Ok, agreed. That case will be always safe. 

 
>> There's another caveat: it *does* seem to fix the problem described by Dan in http://lists.cs.uiuc.edu/pipermail/llvmdev/2011-December/046152.html
>> However, it introduces a potential performance penalty: we won't be able to speculate instructions with undefined behavior whose input may be poison.
>>  
>> For example, take the following code:
>> loop:
>>   %add = add nsw %x, %y
>>   %div = udiv %z, %add
>>   … use %div only in the case that %add does not overflow and is non-zero
>>  
>> We can move the %add outside of the loop, but we cannot move the division. With the reason being that if %add overflows, then %add is poison and therefore it can take any value (in particular, it can be 0), triggering undef behavior in %div.  Therefore, we cannot freely move %div, unless we can prove that %add will never be 0 nor poison.  This sounds hard for the compiler to do, and I guess we'll have some regressions (e.g., LICM has to be more conservative).
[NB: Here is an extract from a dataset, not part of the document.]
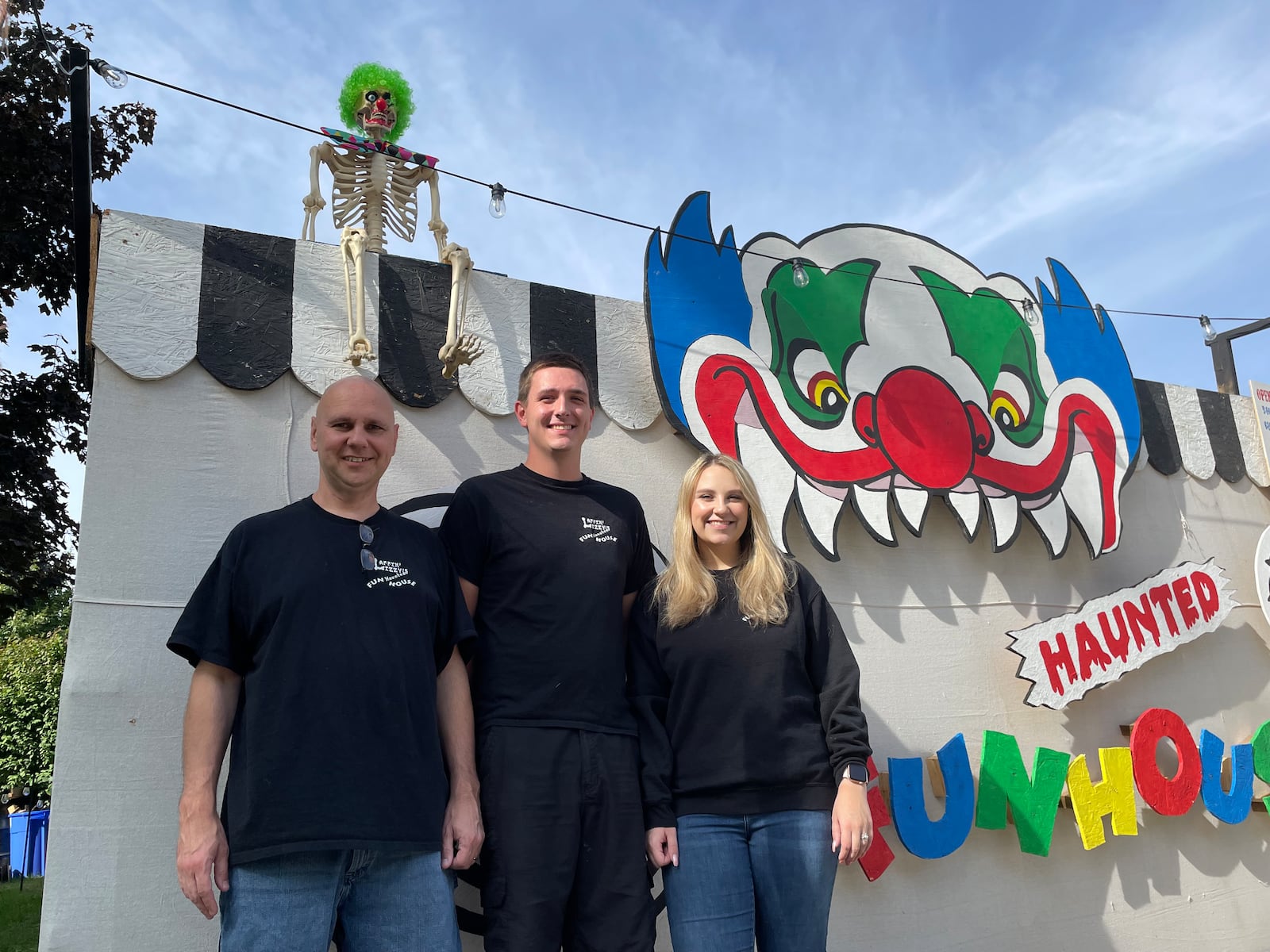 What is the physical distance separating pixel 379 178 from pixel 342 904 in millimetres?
2571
Nevertheless, I'm all for fixing poison once and for all!
> 
> Believe it or not, I already fixed this bug (PR21412). :)
 
Cool! :)

 
>> BTW, would it help if I produced a version of Alive that implements the semantics being proposed?  (with no performance guarantees for this prototype).  The cool thing is that then we can run it through our database of 300+ InstCombine optimizations and see which ones would have to be removed/fixed.
> 
> I think such a thing would be great.  However, there is a problem that the RFC wasn't aware of when it was written:
> 
> consider:
> %S = select %A, %B, undef
> 
> without us knowing anything about %A or %B, we will replace all uses of %S with %B.  This transform would be considered wrong with the RFC in mind.
> 
> If this transform was valid, there could not be any value or value-like property in LLVM with semantics more powerful than undef.  This makes me think that what LLVM *actually* implements is not poison or something like it.
> 
> On the flip side, we could say that this transform is nonsense but I'd rather not pessimize LLVM like that.
 
Ah, you're saying that poison is strictly stronger UB than undef. And the reason being that poison may lead to UB when used in certain operations.  Nice catch.
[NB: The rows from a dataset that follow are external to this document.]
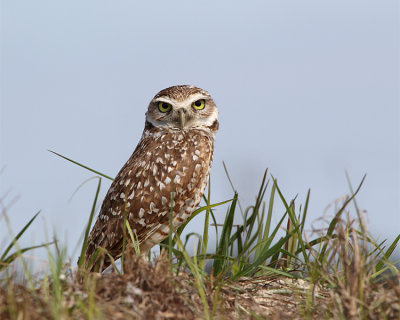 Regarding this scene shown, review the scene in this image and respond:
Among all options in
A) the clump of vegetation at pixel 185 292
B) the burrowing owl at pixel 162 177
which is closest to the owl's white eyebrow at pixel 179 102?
the burrowing owl at pixel 162 177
But we could have a simple precondition that states that this transformation is correct if %A is not any operations with nsw/nuw/exact flags. Sure, it's not as good as the situation we have today, but the current situation doesn't look very good anyway :)

I have a question though: When does poison becomes UB? On external calls and volatile stores only?  Any other visible side-effecting operations?  (at least those two have to be UB, right?)